Internet : bodegasmonje.com
Le scarabée de Santa Cruz
L’auditorium de Santa Cruz rappelle l’opéra de Sydney par sa blancheur et sa forme originale. Construit en septembre 2003 par Santiago Calatrava, connu en France pour la réalisation de la gare TGV de l’aéroport Lyon-Saint-Exupéry, l’édifice de Santa Cruz, tout en courbes et pointes, ressemble à un gros scarabée blanc. Il abrite des arches de 170 mètres de hauteur,sans support. Disposé au bord de l’océan, l’auditorium est un lieu culturel consacré à la danse, le théâtre et l’opéra.

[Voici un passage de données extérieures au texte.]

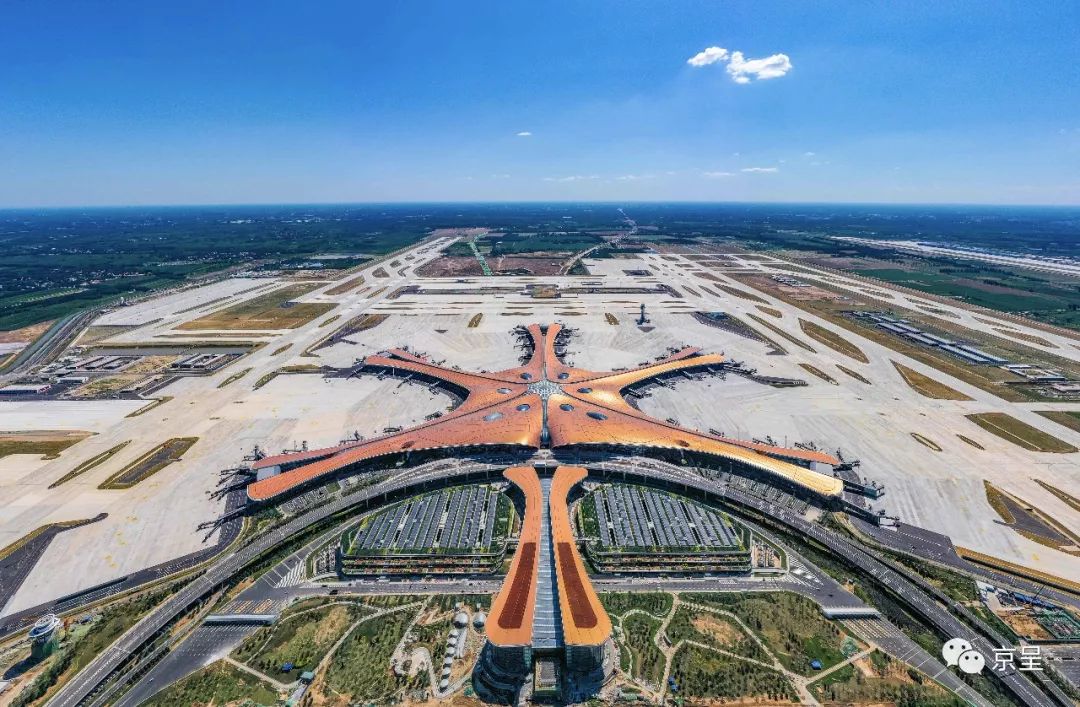 北京大兴机场迎来最大规模演练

La forêt primaire de Cruz del Carmen
La réserve de biosphère du massif d’Anaga, au-dessus de La Laguna, abrite le nombre d’espèces endémiques le plus élevé d’Europe. Avec son voile brumeux et les lichens abondants, la forêt de Cruz del Carmen plonge le promeneur dans le pays des elfes. La lumière baisse sensiblement dans cette forêt préservée grâce aux alizés. Genêts, lauriers, usnées (ou lichens) voisinent avec des bruyères de 20 mètres de hauteur et peuplent cette laurisylve ou monteverde typique des îles Canaries. Un cheminement piéton permet de ne pas se perdre et de ne pas abîmer la forêt.
Le site de Masca
Masca est un petit village perché du massif d’Anaga, tout en pierres et en escaliers au coeur d’une nature abondante. Accroché à la pente, il vit fort bien son aspect de site-musée et un sentier aménagé permet d’en faire le tour. Marchand de fruits typiques, représentation d’une habitante en habit de Guanche, tout est fait pour charmer le visiteur, souvent étranger. Mais c’est surtout le paysage et l’ambiance escarpée du lieu qui en font tout le charme.
Les informations utiles
Y aller
Depuis Bordeaux, vol direct avec la compagnie EasyJet (mercredi et dimanche) et Volotea (samedi et dimanche).
Météo
L’île est l’un des endroits les plus ensoleillés du monde en nombre de jours. Les températures oscillent entre 15 et 24°C.
Devise
C’est l’euro qui a cours sur les îles Canaries. Les cartes bancaires sont le moyen le plus simple de régler vos dépenses.
Formalités
Il suffit d’une carte d’identité ou d’un passeport en cours de validité pour séjourner aux ïles Canaries.
Bon à savoir
Il existe un téléphérique pour atteindre le sommet du Teide. Pensez à vous habiller chaudement car il peut faire très froid, là-haut dans les nuages.
Bons plans
Pour les noctambules, la station balnéaire de Las Americas est le spot idéal avec ses pubs, ses discothèques, ses bars en bord de mer ou ses clubs de jazz plus calmes.
Se déplacer
Ténérife possède un réseau de transports en commun efficace. Un bus s’appelle une guagua (prononcez “goua-goua”). Mais attention, la fréquence est très variable entre la semaine et le week-end. Louer une voiture est donc fortement conseillé.